This Jack Neo-directed Singaporean film pays homage to the men of National Service while dishing out the laughs.
By Annabelle Low
Ken Chow is an impulsive rich kid who is used to getting what he wants. He is also due to enlist for National Service in two weeks. Ken’s overprotective mother (played by the fabulous Irene Ang) tries, to no avail, all that she can to get her precious boy out of it, including attempting to persuade a doctor to certify him unfit for duty and talking to a Member of Parliament during a Meet the MP session.
A disgruntled Ken is sent packing to the infamous Pulau Tekong, where he meets his fellow section mates of Platoon 2 Section 2, a motley crew of NS stereotypes such as the chao geng (one who feigns sickness or injury) warrior, wayang (one with a tendency to be dramatic) king, and lobang (one who is resourceful, in the loop on business-making opportunities or good deals).
During the Basic Military Training, Ken works very hard to fake all sorts of injuries and illnesses in order to have an “easy” NS life, personifying and earning the reputation of being a chao geng warrior. When his girlfriend leaves him for another man, Ken decides to get a long-term MC so that he can win her back, but to disastrous consequences.

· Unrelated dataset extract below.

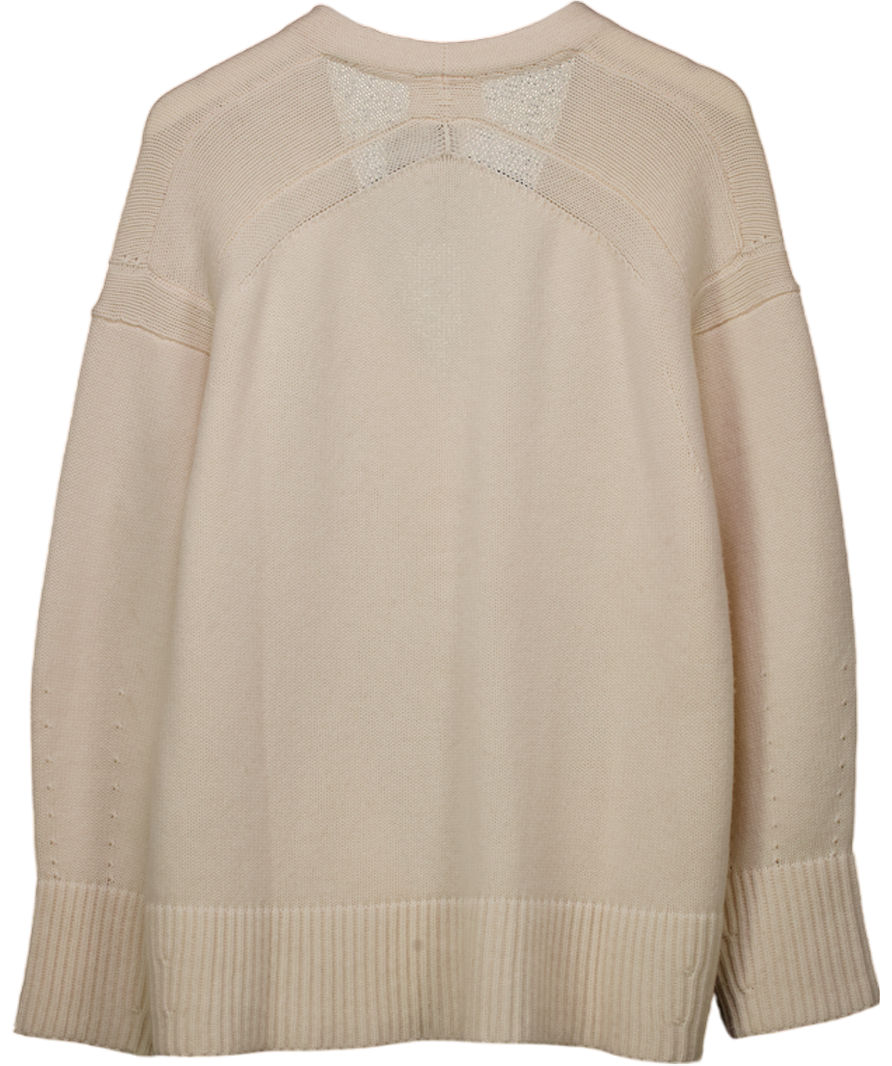 Loulou studio Cream Wool / Cashmere Blend Sovik Oversized Button-down Cardigan UK L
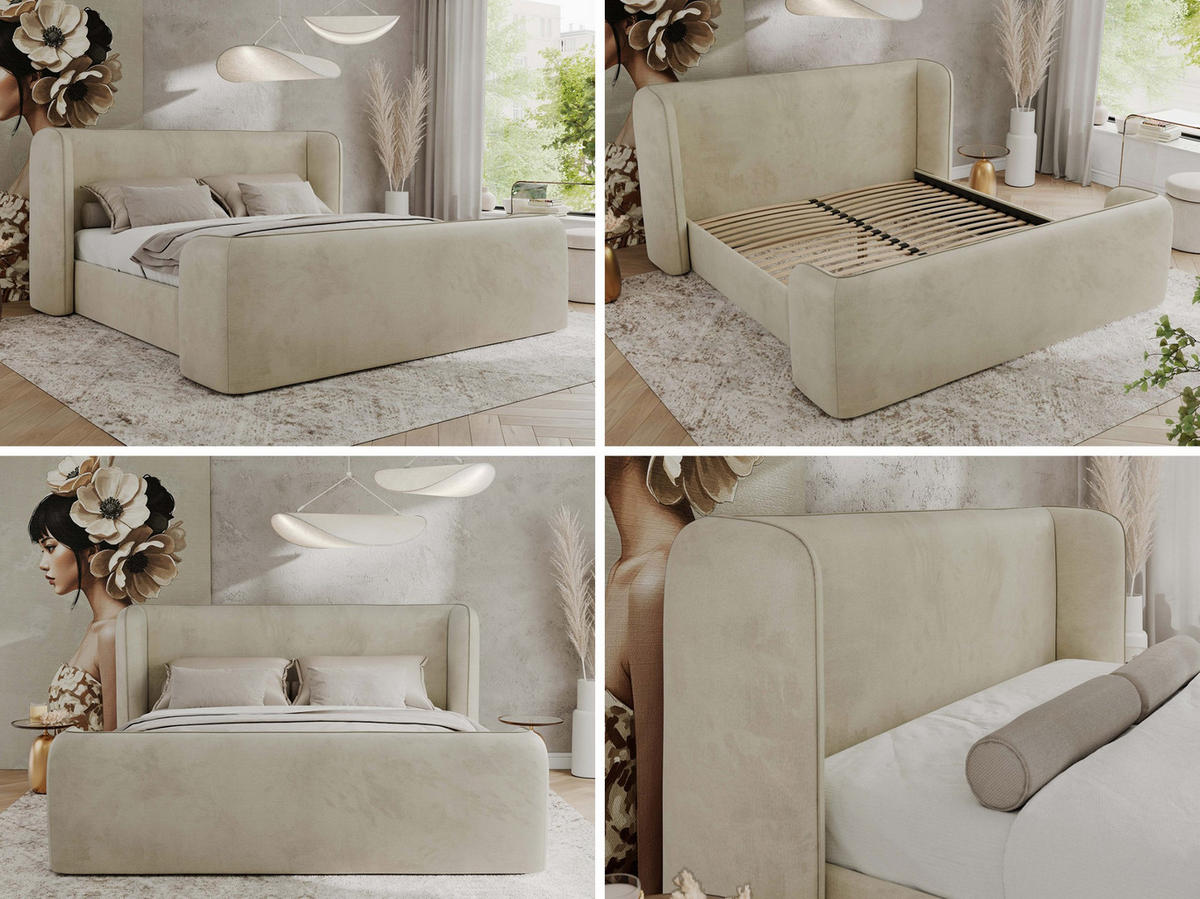 POLSTERBETT EMORA CLASSIC DUO 200/200 - Beige Velvet - Multipocket-Matratze - Beige, Textil (200/200cm) - MKS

Despite its obvious CGI and special effects, Ah Boys To Men’s blatantly didactic opening scene is unexpectedly sobering and reminds you of the very real possibility of what could happen if there was an attack on Singapore. In fact, a few minutes into opening scene, my friend turned to me with wide eyes and whispered, “I just watched my house get blown up!” The movie alternates between modern day and flashbacks from the 1960s, which will surely resonate with older moviegoers.
One must applaud the ambition of the film—only Jack Neo could execute a movie of this scale in Singapore. The S$3 million dollar movie took 70 days to film and included shutting down a busy street in Shenton Way, as well as an unprecedented level of MINDEF co-operation for filming at Pulau Tekong and military equipment.
As Neo could not condense his material into one film, part two of Ah Boys To Men will be out in February 2013. His signature heartland humor is well utilized in tempering the gravity of some very plausible scenarios, making the movie enjoyable for families.
Everyone must watch this! And to all the sons of Singapore out there, thank you for serving our nation.